We were in for a shock going from small villages in Bali to a the ever expanding city of Bangkok, Thailand. Trading our Bali villa for a modern high rise was going from one extreme to the other. We were sad to say goodbye to our motorbike life but enjoyed the adventure of exploring Bangkok using the BTS, taxis, tuk tuks and river boats.
With the advantage of our friends, Drew and Eunhae living nearby, we didn’t have to search long for the best local spots (thanks Drew and Eunhae for showing us around)! Bangkok is full of expats, but many times we were the only white family visiting the local restaurants and vendors. Navigating language barriers while trying to order food was a challenge. We tried our best to learn Thai but the tones are very hard to mimic. Thank goodness for Google translator!
Our time in Bangkok wouldn’t have been the same if we hadn’t met Tim and Amy Hupe who run a nonprofit called Creative Life Foundation. Amy and Jannelle met through a world schooling Facebook page. Having a lot in common, we became fast friends, especially since our daughters were similar in age. Along with the non profit, Amy works as a counselor to refugees at the UN. We were able to join along on a few school days with refugee students and learned about the extreme hardship and lack of resources many refugees face in Thailand.
What we learned during our time in Bangkok:
I learned that it’s a bigger city than I though it would be with nice people. There are a lot of geckos everywhere that I liked to catch. Everything is super duper cheap and the Thai Tea is A-MAZING. Going on the BTS is crazy, a lot of people try to get on all at once!
My favorite thing about Bangkok is that I made some friends to hang out with. On some days we did school together at their non profit that helps refugee children. I also enjoyed exploring the giant malls. Bangkok is very crowded and has a lot of street vendors. I liked trying all the different teas. Some foods that surprised me were the scorpion on a stick or the fried frogs. How do they eat it?! My favorite way of getting around Bangkok was using the water taxi boats.
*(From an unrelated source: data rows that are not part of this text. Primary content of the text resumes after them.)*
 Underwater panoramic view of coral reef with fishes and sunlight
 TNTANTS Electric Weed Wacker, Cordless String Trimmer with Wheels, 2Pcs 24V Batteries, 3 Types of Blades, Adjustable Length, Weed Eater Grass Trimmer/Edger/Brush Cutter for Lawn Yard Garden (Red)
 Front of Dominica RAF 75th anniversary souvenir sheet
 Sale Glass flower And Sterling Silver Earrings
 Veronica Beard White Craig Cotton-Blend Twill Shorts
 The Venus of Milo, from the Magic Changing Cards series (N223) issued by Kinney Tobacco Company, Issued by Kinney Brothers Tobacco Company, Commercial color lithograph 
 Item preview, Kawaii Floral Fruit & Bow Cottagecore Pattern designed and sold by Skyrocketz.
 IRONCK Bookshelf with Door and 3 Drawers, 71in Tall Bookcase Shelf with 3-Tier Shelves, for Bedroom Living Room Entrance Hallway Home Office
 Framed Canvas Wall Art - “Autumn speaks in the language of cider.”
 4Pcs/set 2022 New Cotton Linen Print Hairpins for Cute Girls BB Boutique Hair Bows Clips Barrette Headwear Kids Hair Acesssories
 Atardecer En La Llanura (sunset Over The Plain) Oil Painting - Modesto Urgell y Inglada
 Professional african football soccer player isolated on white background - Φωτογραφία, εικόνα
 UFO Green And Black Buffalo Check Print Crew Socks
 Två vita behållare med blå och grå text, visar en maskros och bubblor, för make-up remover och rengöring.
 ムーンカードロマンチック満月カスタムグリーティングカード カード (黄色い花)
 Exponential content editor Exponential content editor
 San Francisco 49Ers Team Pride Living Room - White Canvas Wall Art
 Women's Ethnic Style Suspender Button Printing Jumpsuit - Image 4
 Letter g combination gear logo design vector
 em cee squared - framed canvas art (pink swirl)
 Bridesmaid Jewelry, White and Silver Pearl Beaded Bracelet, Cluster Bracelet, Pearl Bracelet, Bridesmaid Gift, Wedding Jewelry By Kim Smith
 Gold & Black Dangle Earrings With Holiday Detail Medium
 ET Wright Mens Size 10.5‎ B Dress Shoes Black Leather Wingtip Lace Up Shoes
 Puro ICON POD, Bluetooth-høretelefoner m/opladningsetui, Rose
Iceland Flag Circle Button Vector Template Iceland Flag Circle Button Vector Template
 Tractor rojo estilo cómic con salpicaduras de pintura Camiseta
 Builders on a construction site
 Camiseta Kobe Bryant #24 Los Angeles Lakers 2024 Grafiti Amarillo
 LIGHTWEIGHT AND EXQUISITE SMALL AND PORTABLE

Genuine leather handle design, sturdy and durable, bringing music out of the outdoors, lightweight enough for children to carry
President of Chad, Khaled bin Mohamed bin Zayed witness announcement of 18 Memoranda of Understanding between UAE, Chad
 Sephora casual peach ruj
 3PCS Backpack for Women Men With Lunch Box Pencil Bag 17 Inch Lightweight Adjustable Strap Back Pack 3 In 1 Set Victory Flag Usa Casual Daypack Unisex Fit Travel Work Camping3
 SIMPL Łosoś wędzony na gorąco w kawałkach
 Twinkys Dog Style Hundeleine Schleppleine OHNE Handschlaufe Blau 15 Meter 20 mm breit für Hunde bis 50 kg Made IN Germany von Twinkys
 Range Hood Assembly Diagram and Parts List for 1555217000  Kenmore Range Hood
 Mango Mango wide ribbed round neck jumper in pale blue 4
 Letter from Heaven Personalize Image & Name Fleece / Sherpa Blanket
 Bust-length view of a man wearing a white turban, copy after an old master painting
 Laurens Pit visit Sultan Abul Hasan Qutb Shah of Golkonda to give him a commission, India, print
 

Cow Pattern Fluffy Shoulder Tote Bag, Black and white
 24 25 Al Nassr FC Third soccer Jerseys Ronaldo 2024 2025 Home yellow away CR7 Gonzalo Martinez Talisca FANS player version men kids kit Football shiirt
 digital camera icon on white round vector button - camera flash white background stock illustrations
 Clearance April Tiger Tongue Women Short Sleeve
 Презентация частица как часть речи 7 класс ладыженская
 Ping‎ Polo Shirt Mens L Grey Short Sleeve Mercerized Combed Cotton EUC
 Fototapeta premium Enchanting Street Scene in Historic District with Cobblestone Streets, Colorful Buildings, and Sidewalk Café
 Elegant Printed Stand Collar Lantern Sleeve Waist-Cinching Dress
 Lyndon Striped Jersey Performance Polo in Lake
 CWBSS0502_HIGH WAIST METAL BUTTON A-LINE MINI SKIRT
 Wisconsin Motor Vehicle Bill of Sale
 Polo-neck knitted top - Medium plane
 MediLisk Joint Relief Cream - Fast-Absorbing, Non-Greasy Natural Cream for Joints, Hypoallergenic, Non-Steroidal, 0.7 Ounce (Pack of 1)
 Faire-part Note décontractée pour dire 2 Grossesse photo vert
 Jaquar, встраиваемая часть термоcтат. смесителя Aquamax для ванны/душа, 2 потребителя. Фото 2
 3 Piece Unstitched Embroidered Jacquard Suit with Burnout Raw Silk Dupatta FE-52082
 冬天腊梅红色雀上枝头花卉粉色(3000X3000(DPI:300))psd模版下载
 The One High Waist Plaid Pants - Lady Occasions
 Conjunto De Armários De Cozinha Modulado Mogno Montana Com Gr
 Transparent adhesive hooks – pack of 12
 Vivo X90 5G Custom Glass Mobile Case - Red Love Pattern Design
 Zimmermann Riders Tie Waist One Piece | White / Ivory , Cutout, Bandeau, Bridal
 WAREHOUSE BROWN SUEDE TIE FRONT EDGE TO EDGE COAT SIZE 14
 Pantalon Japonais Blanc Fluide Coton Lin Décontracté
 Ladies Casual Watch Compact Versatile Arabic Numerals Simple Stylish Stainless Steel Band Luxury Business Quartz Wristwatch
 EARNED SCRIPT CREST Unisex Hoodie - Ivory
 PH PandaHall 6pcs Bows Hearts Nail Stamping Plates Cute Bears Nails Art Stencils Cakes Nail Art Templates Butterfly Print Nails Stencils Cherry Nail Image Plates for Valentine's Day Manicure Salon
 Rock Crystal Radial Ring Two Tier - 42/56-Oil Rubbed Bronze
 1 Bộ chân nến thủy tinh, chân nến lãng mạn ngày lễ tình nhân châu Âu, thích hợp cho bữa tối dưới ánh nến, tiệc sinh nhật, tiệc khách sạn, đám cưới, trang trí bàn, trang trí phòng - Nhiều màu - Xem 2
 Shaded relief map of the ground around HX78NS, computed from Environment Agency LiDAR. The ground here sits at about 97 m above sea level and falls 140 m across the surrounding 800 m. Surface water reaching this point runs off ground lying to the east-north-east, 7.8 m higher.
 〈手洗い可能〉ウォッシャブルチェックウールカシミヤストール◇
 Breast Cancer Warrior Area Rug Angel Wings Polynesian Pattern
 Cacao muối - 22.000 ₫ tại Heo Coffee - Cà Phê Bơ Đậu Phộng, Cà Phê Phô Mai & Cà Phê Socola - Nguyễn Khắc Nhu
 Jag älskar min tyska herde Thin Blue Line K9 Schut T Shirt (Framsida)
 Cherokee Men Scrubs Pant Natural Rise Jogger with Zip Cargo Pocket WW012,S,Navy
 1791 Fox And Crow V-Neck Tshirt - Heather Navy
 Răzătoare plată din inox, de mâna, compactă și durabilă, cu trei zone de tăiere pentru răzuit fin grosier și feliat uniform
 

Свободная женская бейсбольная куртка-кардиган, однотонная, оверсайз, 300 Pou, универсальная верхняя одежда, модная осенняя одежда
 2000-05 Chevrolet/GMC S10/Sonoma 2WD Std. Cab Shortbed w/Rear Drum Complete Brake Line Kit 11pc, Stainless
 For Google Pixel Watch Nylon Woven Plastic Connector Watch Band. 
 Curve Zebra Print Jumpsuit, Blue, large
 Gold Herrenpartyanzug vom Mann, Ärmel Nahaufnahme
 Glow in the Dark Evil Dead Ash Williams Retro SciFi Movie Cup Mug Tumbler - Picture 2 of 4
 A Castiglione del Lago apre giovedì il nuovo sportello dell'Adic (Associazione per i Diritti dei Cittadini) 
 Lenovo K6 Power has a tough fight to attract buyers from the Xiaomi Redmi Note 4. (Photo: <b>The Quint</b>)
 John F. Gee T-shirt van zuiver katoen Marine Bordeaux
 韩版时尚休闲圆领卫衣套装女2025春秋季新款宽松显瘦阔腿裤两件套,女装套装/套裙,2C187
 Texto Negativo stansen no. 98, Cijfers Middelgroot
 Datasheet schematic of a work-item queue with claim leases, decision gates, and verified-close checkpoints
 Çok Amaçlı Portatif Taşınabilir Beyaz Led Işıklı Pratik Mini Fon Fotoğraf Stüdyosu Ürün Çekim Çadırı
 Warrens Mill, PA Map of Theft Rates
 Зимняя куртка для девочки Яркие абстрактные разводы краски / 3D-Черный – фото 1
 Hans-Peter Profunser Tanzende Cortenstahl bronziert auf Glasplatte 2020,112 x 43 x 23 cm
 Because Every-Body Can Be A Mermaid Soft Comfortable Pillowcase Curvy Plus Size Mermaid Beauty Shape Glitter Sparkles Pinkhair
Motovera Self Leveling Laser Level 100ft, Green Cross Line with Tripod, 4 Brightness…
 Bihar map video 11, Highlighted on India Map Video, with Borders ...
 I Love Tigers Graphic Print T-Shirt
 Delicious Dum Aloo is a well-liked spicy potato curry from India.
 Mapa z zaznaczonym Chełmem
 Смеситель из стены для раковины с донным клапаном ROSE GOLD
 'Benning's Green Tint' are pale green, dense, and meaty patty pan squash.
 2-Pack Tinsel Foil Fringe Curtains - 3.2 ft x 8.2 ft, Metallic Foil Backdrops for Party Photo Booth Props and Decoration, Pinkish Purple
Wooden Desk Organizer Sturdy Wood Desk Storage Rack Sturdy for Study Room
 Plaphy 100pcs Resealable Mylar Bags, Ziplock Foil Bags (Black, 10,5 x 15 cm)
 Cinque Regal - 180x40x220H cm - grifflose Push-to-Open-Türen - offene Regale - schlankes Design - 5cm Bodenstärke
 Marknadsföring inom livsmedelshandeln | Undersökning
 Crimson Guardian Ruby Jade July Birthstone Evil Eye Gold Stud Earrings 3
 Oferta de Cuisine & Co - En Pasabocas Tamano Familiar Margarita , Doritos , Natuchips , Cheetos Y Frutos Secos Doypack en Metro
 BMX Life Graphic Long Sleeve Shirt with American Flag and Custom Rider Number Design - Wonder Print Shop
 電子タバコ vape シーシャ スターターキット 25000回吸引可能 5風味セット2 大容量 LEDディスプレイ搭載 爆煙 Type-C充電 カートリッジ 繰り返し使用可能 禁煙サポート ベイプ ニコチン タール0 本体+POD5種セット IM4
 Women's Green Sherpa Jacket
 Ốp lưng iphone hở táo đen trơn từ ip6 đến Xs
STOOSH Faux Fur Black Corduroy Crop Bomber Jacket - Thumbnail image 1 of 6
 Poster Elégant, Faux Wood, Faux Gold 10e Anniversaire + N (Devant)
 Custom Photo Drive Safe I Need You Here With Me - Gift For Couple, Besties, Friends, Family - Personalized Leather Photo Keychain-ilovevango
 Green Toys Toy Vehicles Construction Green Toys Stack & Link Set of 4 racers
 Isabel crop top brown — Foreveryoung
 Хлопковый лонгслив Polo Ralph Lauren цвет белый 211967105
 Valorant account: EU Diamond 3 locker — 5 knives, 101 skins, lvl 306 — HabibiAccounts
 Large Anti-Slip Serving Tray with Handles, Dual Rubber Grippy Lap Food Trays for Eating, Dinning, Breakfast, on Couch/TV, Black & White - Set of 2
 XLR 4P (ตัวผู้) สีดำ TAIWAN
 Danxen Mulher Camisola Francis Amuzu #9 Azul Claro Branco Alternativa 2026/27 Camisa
Three words I would use to describe Bangkok is crowded, loud and interesting.
You haven’t been to a mall until you’ve been to one in Asia. Our friend who lives in Bangkok jokingly said shopping is a national sport, but in all seriousness, it is. Many Chinese and South Koreans will travel to Bangkok with empty suitcases with the primary focus of shopping. I was shocked to see that the Thailand I visited many years ago was now mostly run by foreigners, like the Chinese. The dynamic of the city has changed and many Thai locals are struggling to keep up with the growth in their own country.